1プレイした時点で、思いのほか手が疲れるゲームということが判明するが、画面の中で華麗にパンチするめんトリを見ていると、生半可なスコアではいけないという気持ちが身体の内にわいてくる。ゴジラインの愛するマスコットのゲーム、一度や二度遊んだだけでやめるわけにはいかない。自らの出したスコアをtwitterやLINEに貼り付けているうちに、「あれ?ナカジマさん、スコア低くない?」、「浅葉、もしかして500出ず?」など、煽りが加速していく。
おれ「540でたわ。おれはここら限界くさい。シナさん、500出てねえとか、完全に雑魚じゃん」
ミズシナ「あ????おめえ、今、血管キレる音。頭の中で鳴ったぞ。待ってろテメェ」
はま寿司でカリフォルニアロールを3皿注文して、ミズシナを放置する。
あいつは最近『シャドウバース』のβテストにお熱だし、どうせすぐに脱落するだろう。おれが出した540スコアも、全国ランキングからいくとたいしたことのない数値だが、とりあえずゴジライン内での威厳は保った、そう思っていた。
ミズシナ「オイ、テメえら。これ見ろ」
おれ「624……。全国10位」
ナカジマ「600越え、かなり圧ある。どうやってんのこれ」
ミズシナ「おれの”フィジカル”、そこらへんのオタクとは違うわけよ」
おれ「キレた」
ナカジマ「シナさんより連打遅いは、”ない”」
こうして、血で血を洗う『めんトリ』バトルが始まった。
画面サイズの小さいiphone6+は、6S+に不利なのではないか。iPadが必要なのではないかなどと、デバイスの差についても議論や言い訳の会話が飛び交う。
しかし、600というハードルはあまりにも高い。
はずだった。
回転王「おれもこれ、”壁越えた”わ」
700間近のスコア。あらゆるゲームの攻略に通じるといわれる”回転式”が炸裂した瞬間だ。
おれ「おれは620が限界。ムリっす」
ナカジマ「600は壁あるね。いもうとの持続百貫がマジでやばい」
持続百貫とは、いもうとのプレスをかわしたと思いきや、プレスの思いのほか長い持続時間にヒットし、即死してしまう現象をさすゴジライン内のスラングだ。エドモンド本田の比ではない圧倒的な攻撃力の高さは脅威以外のなにものでもない。
連打を繰り返し、消耗していく両腕。
回転王の出したスコアが、ゴジライン内の最高スコアになるだろう。
そんな甘い考えを、34歳を過ぎてもトルネードマートを着こなす男・ミズシナが破壊する。

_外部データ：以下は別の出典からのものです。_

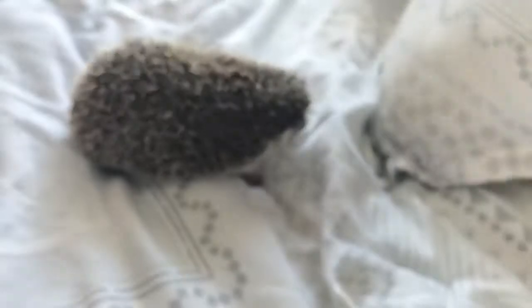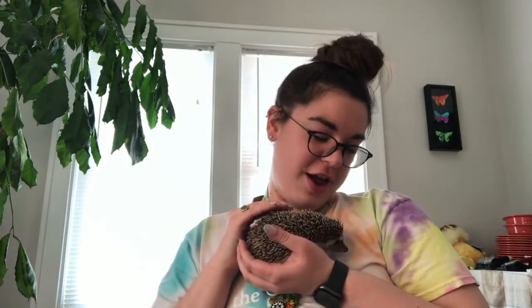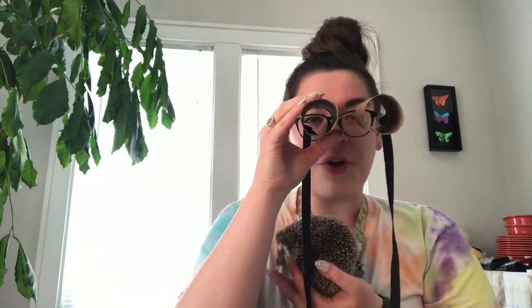And there you have it friends — you have a set of binoculars around your neck that you can take on whatever adventures you want! Let's see if we can spot anything cool in my house. I see a stuffed hedgehog... and another stuffed hedgehog... and wait — an actual hedgehog! Thanks for going on my hedgehog adventure today. This is Ernie, our special guest star in our binocular making video. I hope you have lots of fun adventures with your binoculars too. I'll catch you next week for some more design crafts and activities.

ミズシナ「全一、とっちまったよ。煽ってくれたコゾーども、見てるぅ????」
おれ「あ……あ……あ…」
ナカジマ「これは……、全国一位スコア」
驚き、崩れ落ちるおれとナカジマ。おれたちはこの日、ミズシナに完全敗北したのだ。
全一のスコアは、並大抵の努力で抜けるものではない。
回転王にいたっては、戦意を喪失したのか、LINEの既読すらつかない。
ミズシナは気分をよくしたのか、勝手に攻略を一人語りしはじめる。
ゴジラインのLINEグループは、地獄と化していた。
地獄からの脱出を図るように、おれはスターバックスにコーヒーを買いに、ナカジマは『ストリートファイターⅤ』を立ち上げることにした。この屈辱を、敗北を忘れたいのだ。
しかし、そこはまだ、地獄の入り口にすぎなかった。
回転王が、無言で送りつけてきた画像、そこには、狂気のスコアが刻み込まれていた。
回転王「1位とれんなぁ」
ミズシナ「回転王くん???まだ2位?」
回転王「ミズシナさん、画面みて。シナさんはもう1位の人とおれに抜かれて、全国4位だよ」
ミズシナ「は?」
そうミズシナのとった全国一位は、数分の間に塗り替えられ、回転王もそれに肉薄するスコアを出していたのだ。おれたち以外にも、この『めんトリパンチ』を極めんとする人がいる。おれとナカジマは、610の壁の前に力尽きた。しかし、1位を目前にして、回転王が、ミズシナが、黙っているはずがないのだ。どちらかが全国一位をとるまで、ひたすらにせめんトリをパンチするしかない。
そして、ついに、その時は訪れた。
1位を塗り替えるのは、情熱と狂気。そして、回転式。
回転王「1位、きました。800いかなかったのが悔やまれるわ」
794という驚異的なスコアは、2位に30近い差をつけている。
しばらく抜かれることはない、圧倒的なスコアだろう。
この差はもうどうしようもない。おれとナカジマどころか、ミズシナですら、挑むことは厳しい頂だろう。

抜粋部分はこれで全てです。